# About this exercise
As the answer, give exactly the lines of the records below from the one with "Verkoop - Villa" through the one with "Holiday Inn Express", ends included and pictures left out.
Data supplied Block Start
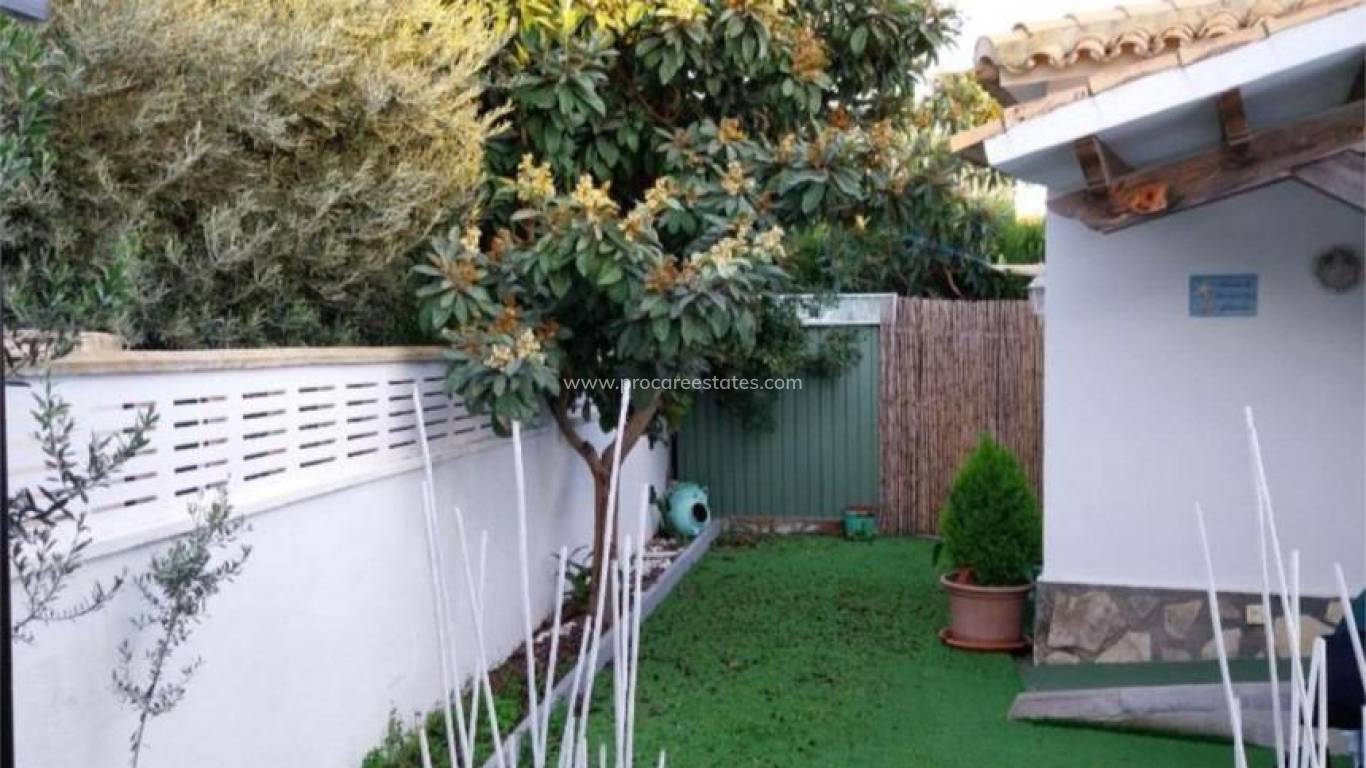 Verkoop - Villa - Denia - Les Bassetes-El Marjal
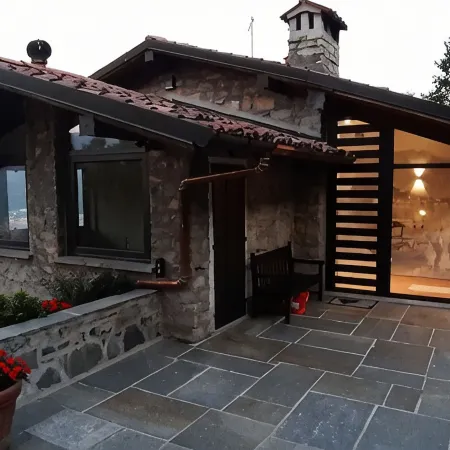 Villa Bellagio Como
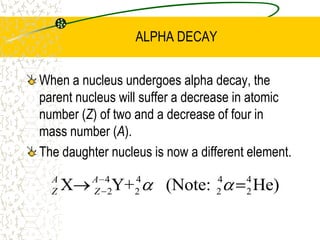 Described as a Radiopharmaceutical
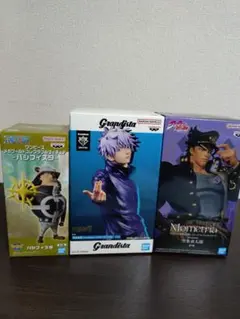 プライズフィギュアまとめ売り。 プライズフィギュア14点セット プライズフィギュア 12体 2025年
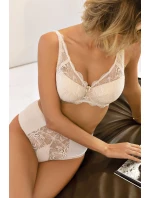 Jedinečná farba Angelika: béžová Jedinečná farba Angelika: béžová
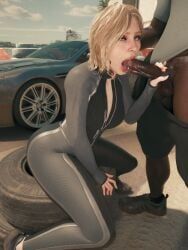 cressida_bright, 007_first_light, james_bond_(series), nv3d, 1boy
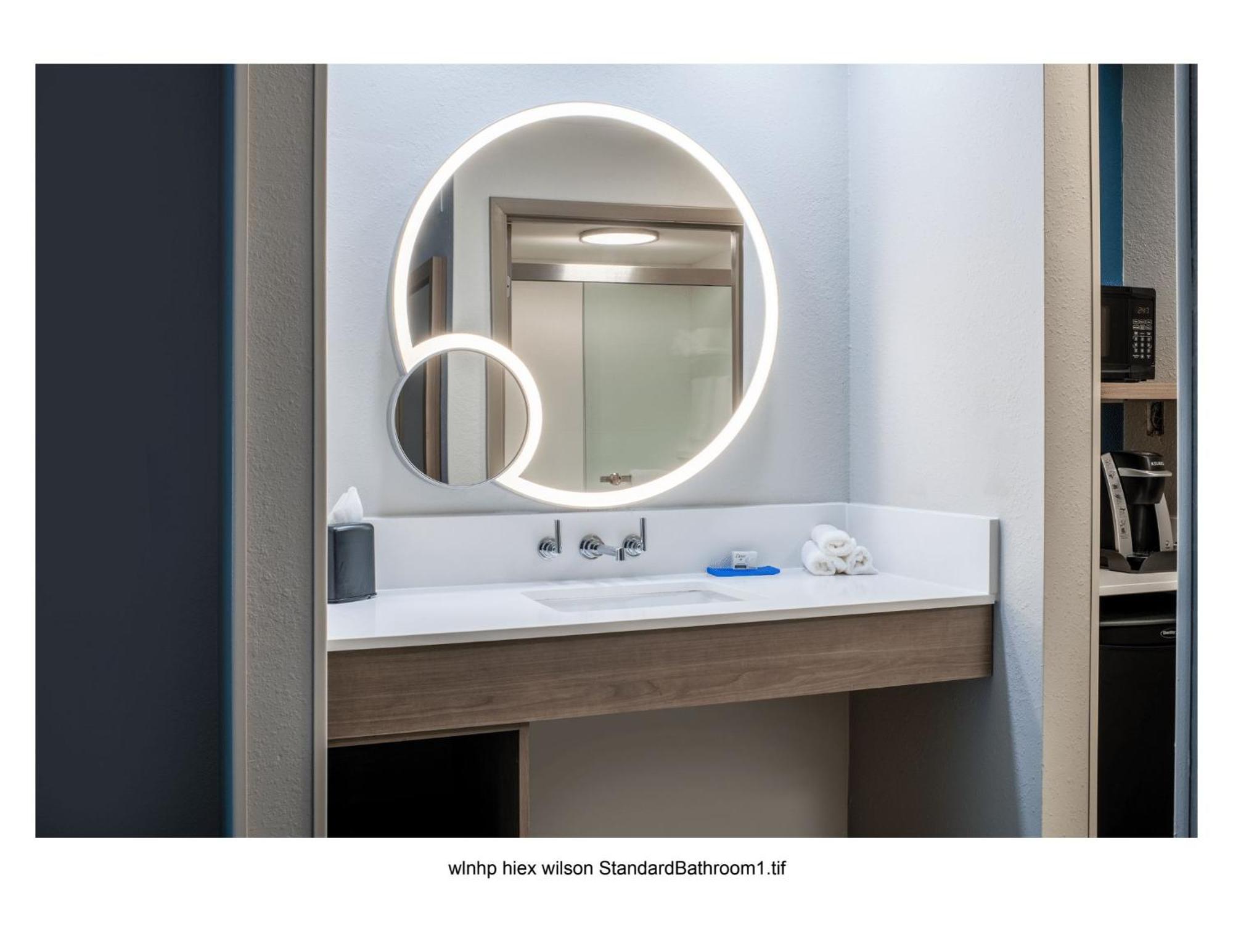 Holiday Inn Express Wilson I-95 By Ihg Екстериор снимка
Data supplied Block End
Data supplied Block Start
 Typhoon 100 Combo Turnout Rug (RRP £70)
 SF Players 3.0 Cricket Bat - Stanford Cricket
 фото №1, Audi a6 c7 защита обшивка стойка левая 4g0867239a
Data supplied Block End
Data supplied Block Start
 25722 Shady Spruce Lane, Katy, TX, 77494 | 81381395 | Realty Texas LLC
Data supplied Block End
# Finished exercise
 Verkoop - Villa - Denia - Les Bassetes-El Marjal
 Villa Bellagio Como
 Described as a Radiopharmaceutical
 プライズフィギュアまとめ売り。 プライズフィギュア14点セット プライズフィギュア 12体 2025年
 Jedinečná farba Angelika: béžová Jedinečná farba Angelika: béžová
 cressida_bright, 007_first_light, james_bond_(series), nv3d, 1boy
 Holiday Inn Express Wilson I-95 By Ihg Екстериор снимка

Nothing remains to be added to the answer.